* **AIM OF THE TASK**
Entries follow. Give back exactly the lines starting at the one containing "Обложка: Porcunipine" and ending at the one containing "The Four Horsemen: Blanton&", and no other lines.
(GIVEN RECORDS begins)
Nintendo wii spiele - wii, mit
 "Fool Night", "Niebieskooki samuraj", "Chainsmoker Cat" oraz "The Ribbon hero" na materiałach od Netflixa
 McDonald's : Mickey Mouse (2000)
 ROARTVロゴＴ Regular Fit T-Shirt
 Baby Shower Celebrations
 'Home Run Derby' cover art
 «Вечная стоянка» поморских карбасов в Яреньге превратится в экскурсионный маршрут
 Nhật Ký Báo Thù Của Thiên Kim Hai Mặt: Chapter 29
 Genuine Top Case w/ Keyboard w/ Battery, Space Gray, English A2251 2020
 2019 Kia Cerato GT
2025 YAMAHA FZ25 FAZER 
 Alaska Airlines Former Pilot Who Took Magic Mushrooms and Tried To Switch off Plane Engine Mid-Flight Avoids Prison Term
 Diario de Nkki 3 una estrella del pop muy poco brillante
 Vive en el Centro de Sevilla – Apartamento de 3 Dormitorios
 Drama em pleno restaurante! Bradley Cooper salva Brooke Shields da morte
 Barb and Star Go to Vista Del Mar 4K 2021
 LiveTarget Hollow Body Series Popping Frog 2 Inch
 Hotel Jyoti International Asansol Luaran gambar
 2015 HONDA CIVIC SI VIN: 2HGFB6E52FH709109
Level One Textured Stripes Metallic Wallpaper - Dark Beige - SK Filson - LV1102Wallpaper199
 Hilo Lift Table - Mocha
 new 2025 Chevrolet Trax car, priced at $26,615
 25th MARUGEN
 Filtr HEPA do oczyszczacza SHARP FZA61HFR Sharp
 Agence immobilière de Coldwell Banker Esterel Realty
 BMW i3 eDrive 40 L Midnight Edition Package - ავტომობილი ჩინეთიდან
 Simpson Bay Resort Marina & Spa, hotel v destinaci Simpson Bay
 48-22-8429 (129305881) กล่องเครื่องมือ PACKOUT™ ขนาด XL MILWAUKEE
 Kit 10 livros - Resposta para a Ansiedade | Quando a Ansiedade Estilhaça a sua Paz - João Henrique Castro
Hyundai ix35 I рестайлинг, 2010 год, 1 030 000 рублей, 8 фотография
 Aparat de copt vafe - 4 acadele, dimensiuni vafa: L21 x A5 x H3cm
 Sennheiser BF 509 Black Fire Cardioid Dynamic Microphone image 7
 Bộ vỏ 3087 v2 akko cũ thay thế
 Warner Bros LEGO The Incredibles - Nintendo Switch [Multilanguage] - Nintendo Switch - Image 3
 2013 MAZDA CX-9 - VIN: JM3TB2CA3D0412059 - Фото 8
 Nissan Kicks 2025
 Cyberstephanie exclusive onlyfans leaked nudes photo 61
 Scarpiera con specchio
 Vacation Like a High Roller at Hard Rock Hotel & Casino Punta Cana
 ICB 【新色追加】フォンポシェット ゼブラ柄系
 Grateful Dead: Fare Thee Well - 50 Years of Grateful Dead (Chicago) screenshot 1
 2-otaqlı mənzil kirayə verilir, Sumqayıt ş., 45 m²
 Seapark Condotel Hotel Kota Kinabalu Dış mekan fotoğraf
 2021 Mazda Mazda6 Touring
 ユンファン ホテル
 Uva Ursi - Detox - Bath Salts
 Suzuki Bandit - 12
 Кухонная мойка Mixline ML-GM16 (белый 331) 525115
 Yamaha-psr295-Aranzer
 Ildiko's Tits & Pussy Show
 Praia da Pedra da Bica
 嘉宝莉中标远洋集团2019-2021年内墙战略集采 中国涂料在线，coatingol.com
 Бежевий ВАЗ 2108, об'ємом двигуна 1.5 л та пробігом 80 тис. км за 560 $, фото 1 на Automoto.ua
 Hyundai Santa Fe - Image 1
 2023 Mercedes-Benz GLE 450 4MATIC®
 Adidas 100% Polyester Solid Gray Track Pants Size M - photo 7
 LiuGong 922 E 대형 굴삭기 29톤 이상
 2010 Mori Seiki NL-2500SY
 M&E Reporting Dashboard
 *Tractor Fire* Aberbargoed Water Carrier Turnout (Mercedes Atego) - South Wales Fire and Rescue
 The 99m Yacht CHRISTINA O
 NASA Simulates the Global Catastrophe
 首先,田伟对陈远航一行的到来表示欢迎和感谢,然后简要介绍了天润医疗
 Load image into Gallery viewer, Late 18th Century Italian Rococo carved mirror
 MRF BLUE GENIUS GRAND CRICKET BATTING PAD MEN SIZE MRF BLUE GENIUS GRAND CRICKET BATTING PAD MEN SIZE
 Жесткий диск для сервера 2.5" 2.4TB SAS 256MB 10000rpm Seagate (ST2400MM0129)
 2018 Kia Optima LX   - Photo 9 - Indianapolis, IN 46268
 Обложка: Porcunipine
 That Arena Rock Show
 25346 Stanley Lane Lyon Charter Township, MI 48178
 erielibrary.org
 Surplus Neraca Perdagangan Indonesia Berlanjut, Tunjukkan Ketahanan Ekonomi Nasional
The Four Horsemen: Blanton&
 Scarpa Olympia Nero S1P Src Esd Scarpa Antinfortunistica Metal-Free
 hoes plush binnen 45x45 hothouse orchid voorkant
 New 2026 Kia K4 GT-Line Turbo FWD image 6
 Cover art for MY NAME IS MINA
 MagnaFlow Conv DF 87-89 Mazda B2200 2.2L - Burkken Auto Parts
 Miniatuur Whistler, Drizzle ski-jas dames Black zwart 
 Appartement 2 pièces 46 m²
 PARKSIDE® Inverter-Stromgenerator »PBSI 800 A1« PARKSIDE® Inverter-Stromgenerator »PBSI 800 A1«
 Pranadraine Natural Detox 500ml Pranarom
(GIVEN RECORDS ends)
* **SOLUTION TO THE EXERCISE**
 Обложка: Porcunipine
 That Arena Rock Show
 25346 Stanley Lane Lyon Charter Township, MI 48178
 erielibrary.org
 Surplus Neraca Perdagangan Indonesia Berlanjut, Tunjukkan Ketahanan Ekonomi Nasional
The Four Horsemen: Blanton&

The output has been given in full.